Rain finally came to California last week. What was just a drizzle when Dave and I landed on Wednesday night in Los Angeles turned into a downpour by the time we passed through the northernmost suburbs of LA on our way to Delano.
Even on a dark, wet night the four lanes of Interstate 5 were busy: semi trucks stayed to the right, straining to haul heavy loads over the Tehachapi Mountains while nimble sedans and sport utility vehicles raced each other to the summit of Tejon Pass.
I twirled the knob on the radio dial looking . . . Thunk. Flap, flap, flap . . . Then the slow motion effort to cross all of those lanes of traffic hoping to coordinate our arrival in the far right lane with an exit. We just missed it, but got far enough off the road to avoid getting splashed.

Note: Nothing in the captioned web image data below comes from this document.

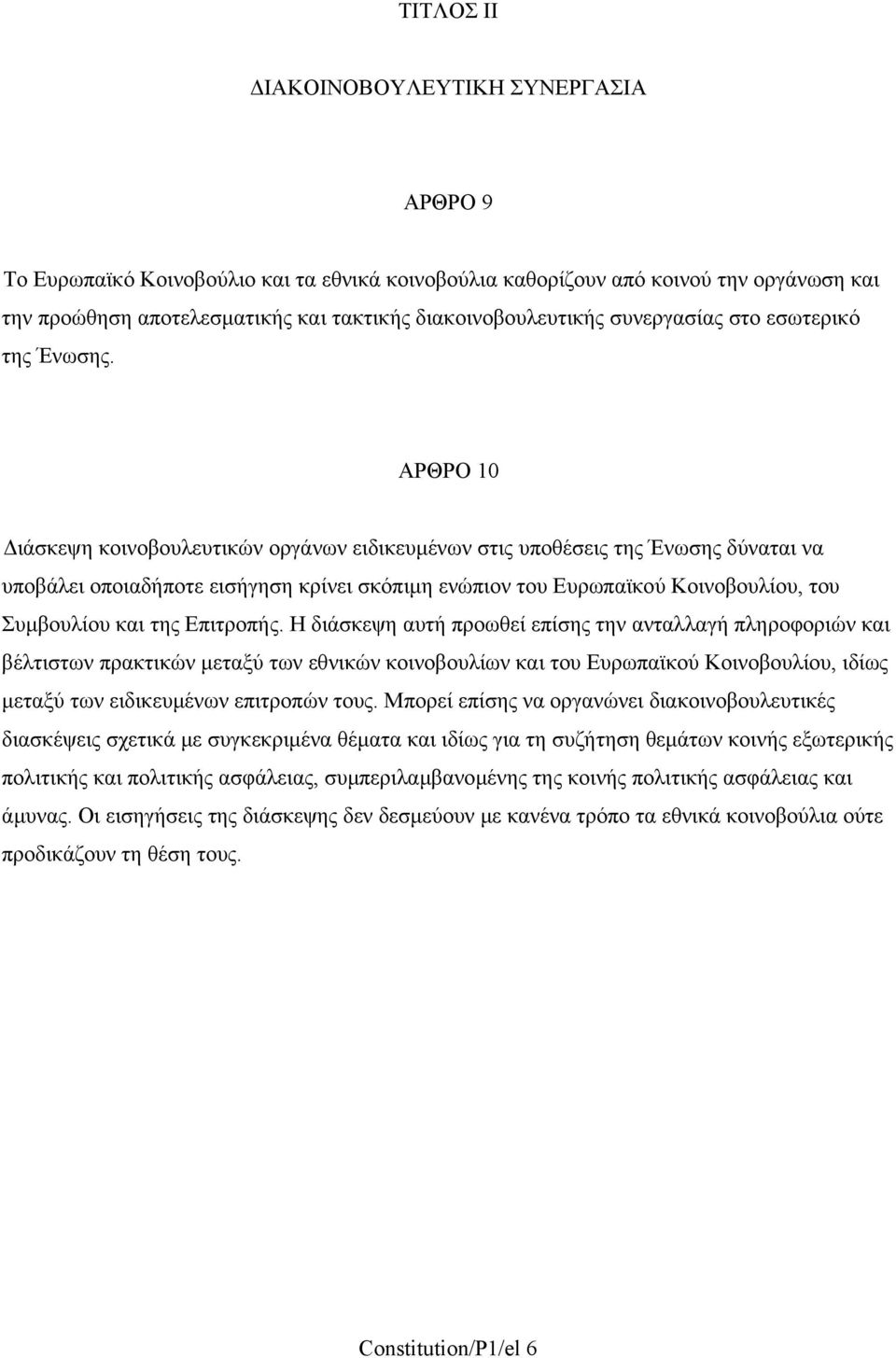 ΑΡΘΡΟ 10 ιάσκεψη κοινοβουλευτικών οργάνων ειδικευµένων στις υποθέσεις της Ένωσης δύναται να υποβάλει οποιαδήποτε εισήγηση κρίνει σκόπιµη ενώπιον του Ευρωπαϊκού Κοινοβουλίου, του Συµβουλίου και της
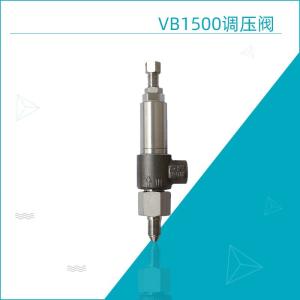 Wholesale FLOWGUARD unloader valve VB1500 0-1500bar 40LPM from china suppliers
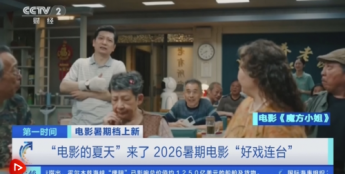 9万块银幕的中国电影院正在变成什么？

Next, the drill: rain slicker and galoshes donned; suitcases thrown into the back seat; tire iron, jack, and spare unloaded. I rifled through my suitcase and found not one, but two flashlights. Clutching an umbrella in one hand and the light for Dave in the other, the irony didn’t escape me. Just two weeks ago I wrote about a rainy February night on another California highway, changing a flat tire. Twenty-eight years later the only thing missing was the whiskey.
We eased back out into the traffic and gingerly made our way up to the 4100 foot apex of the pass on the tiny spare, before we descended through Grapevine Canyon and into the south end of the San Joaquin Valley, breathing a sigh of relief when we finally saw the lights of Bakersfield, our stop for the night.
The next morning the air was clear, smog washed away, a break between storms. We hoped it would last long enough to travel north to Delano and then back south into the heart of LA before heading east into San Bernardino County and finally south to Chula Vista just north of the Mexican Border–almost 400 miles. But first we needed a new tire.
Dave spotted the great egret (Ardea alba) on a pile of rubble as we pulled into the parking lot of Pacific Tire just off California Highway 99. Fumbling with my camera, I missed my chance to get a shot, but the big bird hadn’t gone far, just over to the highway embankment looking for breakfast.
The crew changing the tire expressed no surprise at seeing a woman in a skirt and heels focusing a pair of binoculars on . . . what? Something just out of their line of sight, they turned their attention back to the job at hand.
By the time the egret moved too far south for me to continue to watch him, the new tire had been mounted. We were ready to go.